- _Task to complete_: Restate word for word the lines from the one bearing "Berth 5 construction, part" through the end of the entries below, and leave every picture out.

Short text fragments from websites:
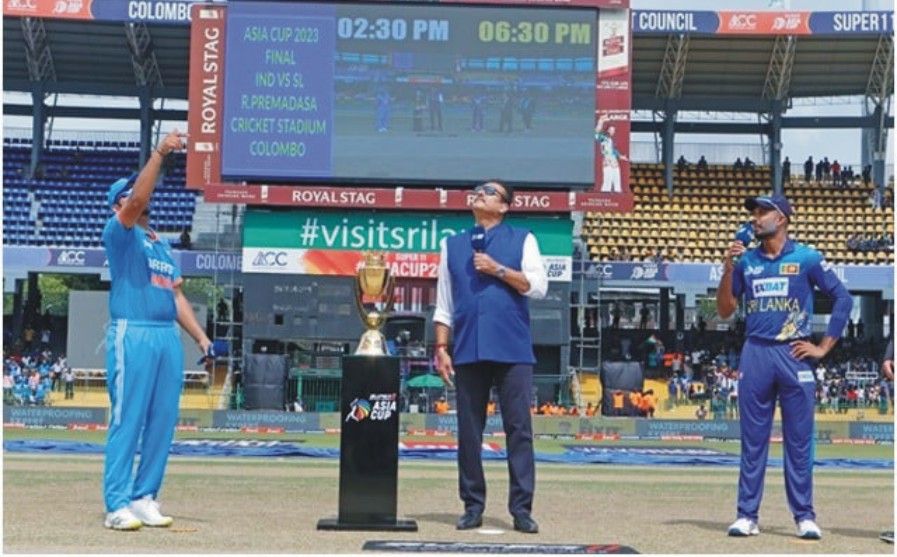 ایشیا کپ فائنل: بھارت کے خلاف سری لنکا کا ٹاس جیت کر بیٹنگ کا فیصلہ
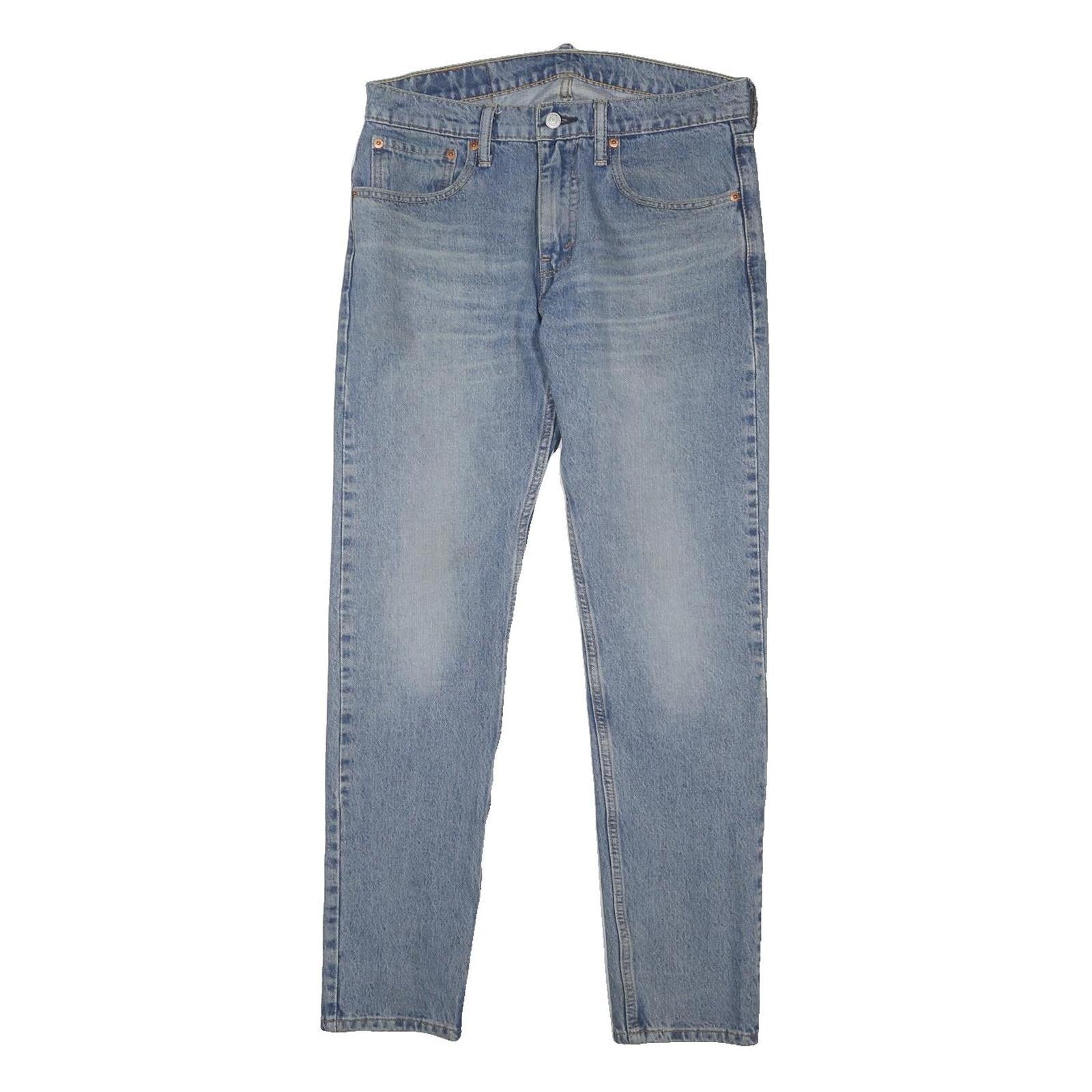LEVI'S 512 Mens Jeans Blue Regular Slim Denim Light W32 L31 Button Cotton Blend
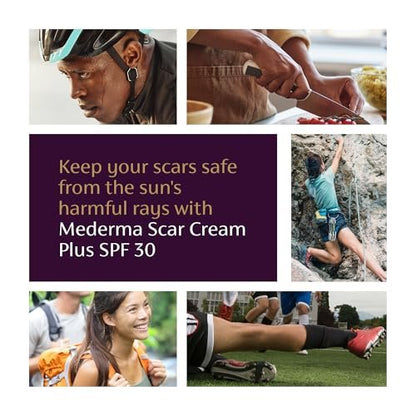 Mederma Narbencreme Plus SPF 30 - Fortschrittliche Narbenbehandlung, schützt vor Sonnenschäden, reduziert das Erscheinungsbild von Narben durch Akne, Verbrennungen, Operationen & Verletzungen, 20 g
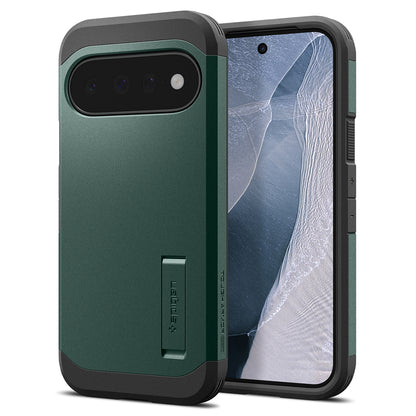Custodia MagSafe per Google Pixel 11, Spigen, Tough Armor, Verde ACS11854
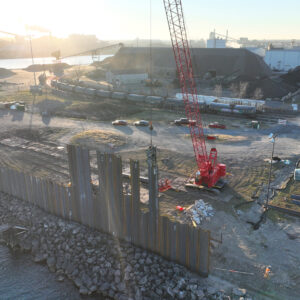 Berth 5 construction, part of the $25M FASTLANE project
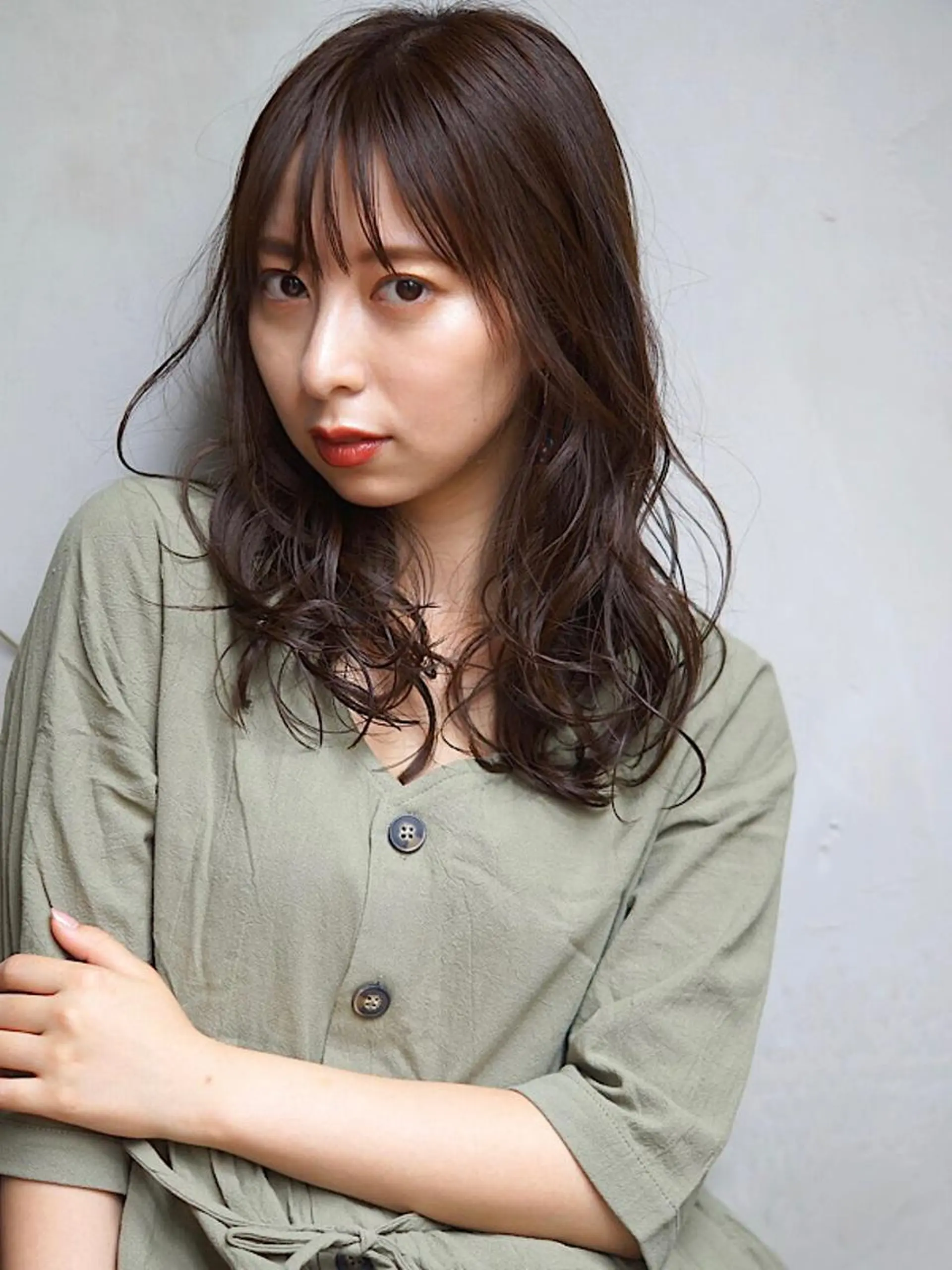 パーマ カット パーマ トリートメント hoNua. 栄/透明感カラーのヘアスタイル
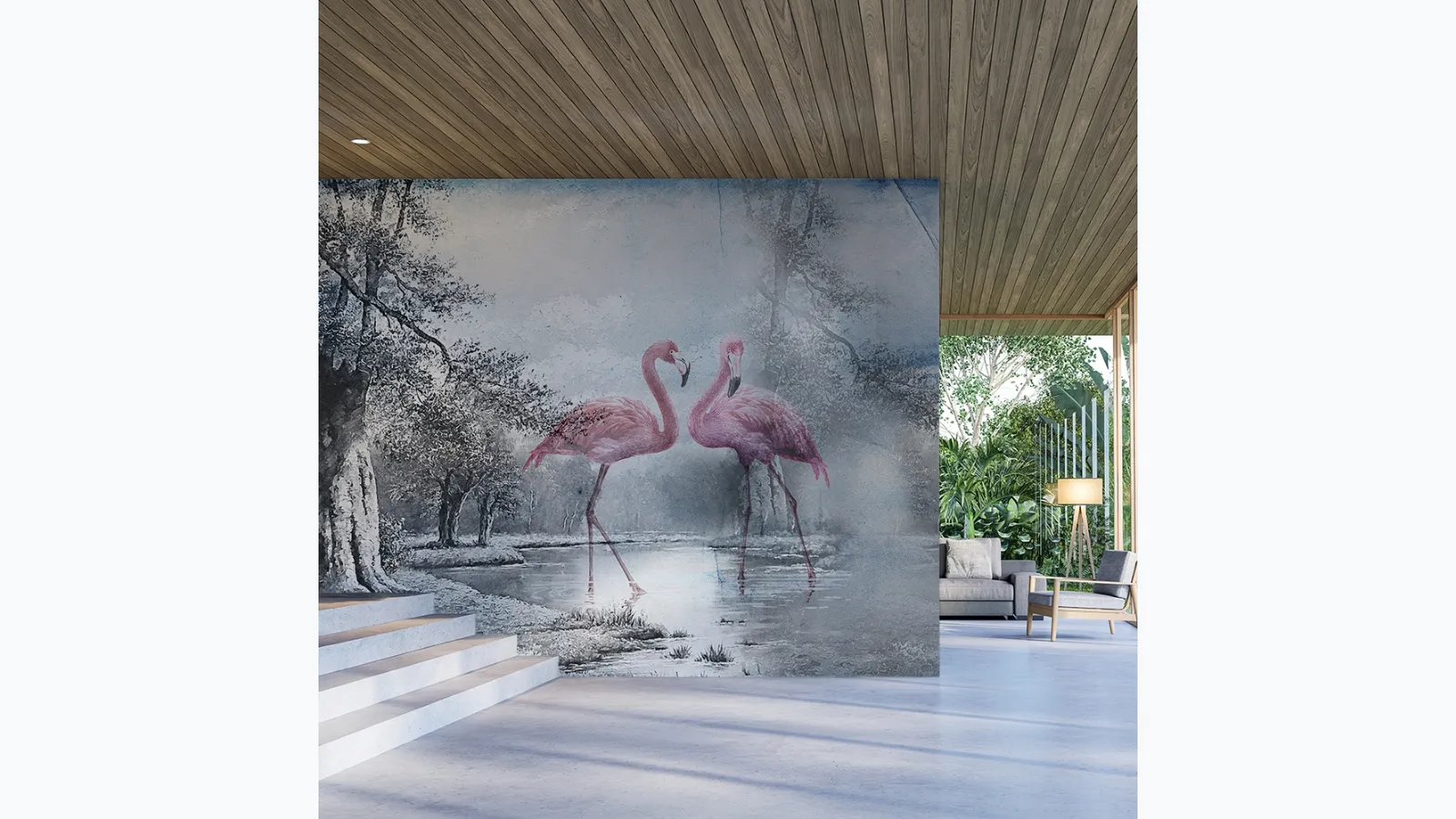 Flamingo 3 wallpaper by Adriani and Rossi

- _Answer to this task_:
 Berth 5 construction, part of the $25M FASTLANE project
 パーマ カット パーマ トリートメント hoNua. 栄/透明感カラーのヘアスタイル
 Flamingo 3 wallpaper by Adriani and Rossi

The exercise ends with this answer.